### ABOUT THIS EXERCISE
The listing below should be printed again word for word, without any images.

### GIVEN INFORMATION

++++++++++

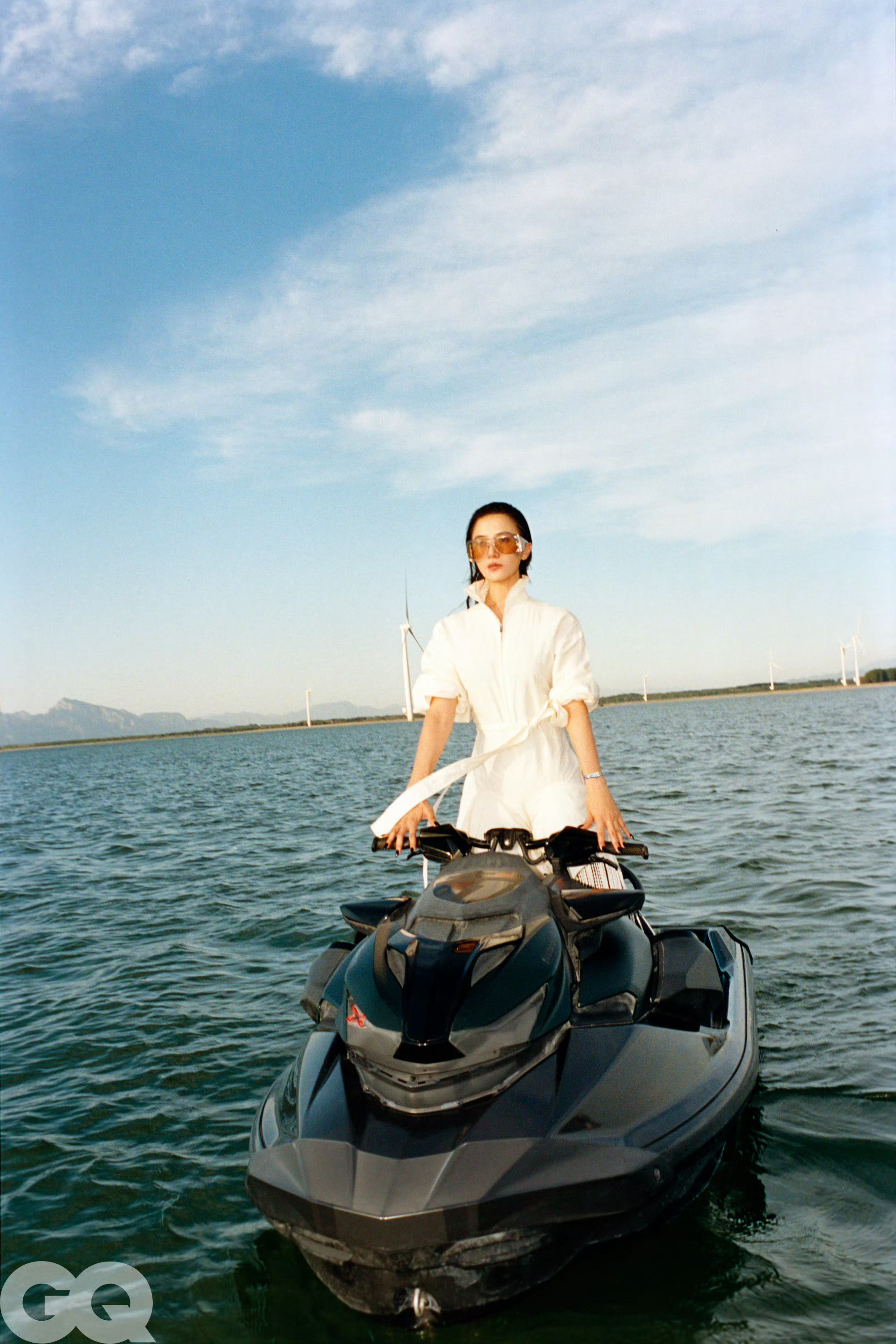 哇好不一样的宋佳！GQ China 复刊迎来首位女星登封，时隔九年，佩戴 Car
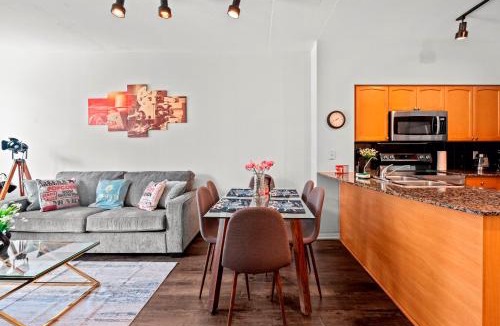 Fort York Apartment | 1 Bedroom Condo with Balcony Fort York Downtown Toronto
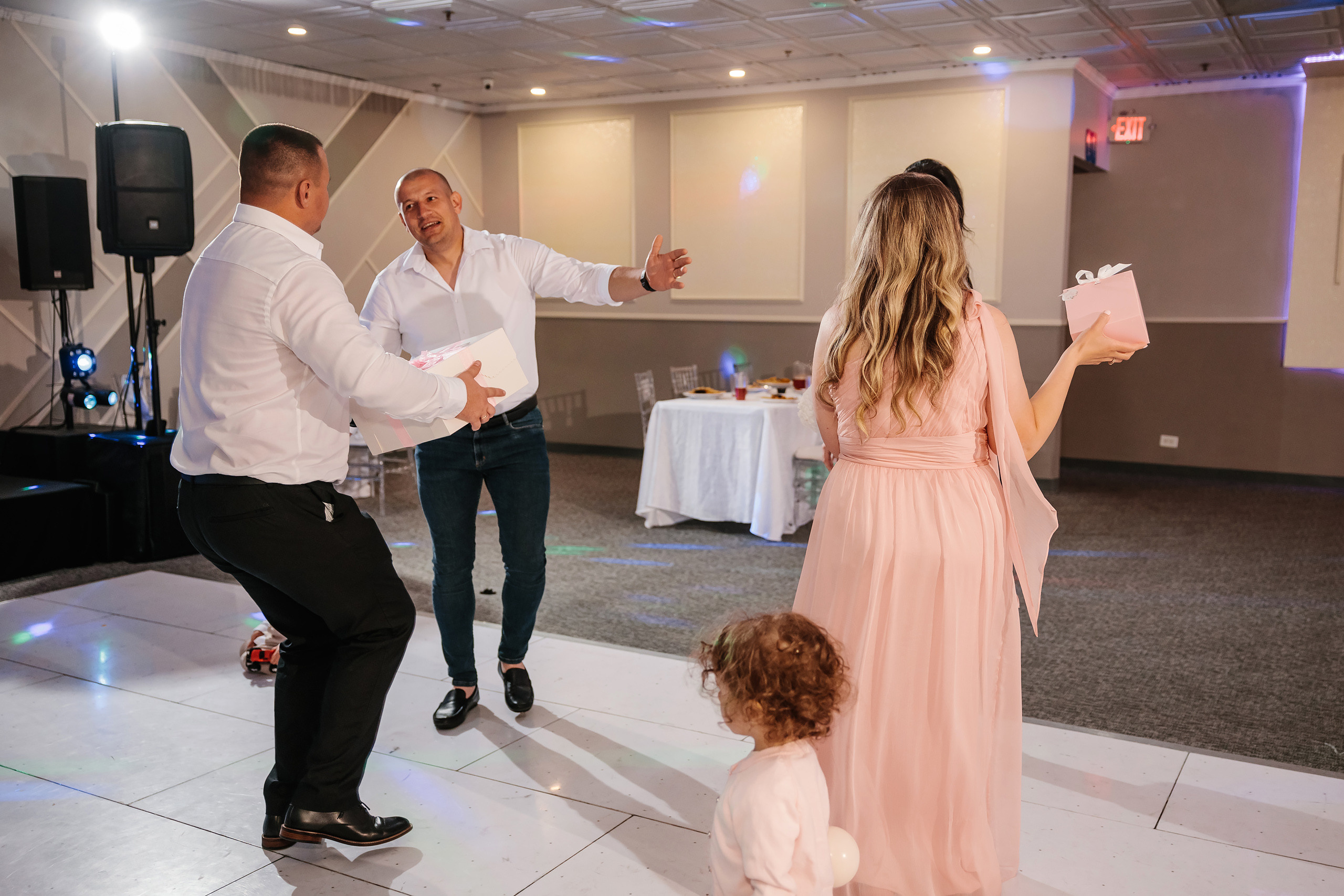 05.28.2023 Cumetria. Wedding family event photographer in Chicago Nick Yushevich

++++++++++

### SOLUTION TO THIS PROBLEM
 哇好不一样的宋佳！GQ China 复刊迎来首位女星登封，时隔九年，佩戴 Car
 Fort York Apartment | 1 Bedroom Condo with Balcony Fort York Downtown Toronto
 05.28.2023 Cumetria. Wedding family event photographer in Chicago Nick Yushevich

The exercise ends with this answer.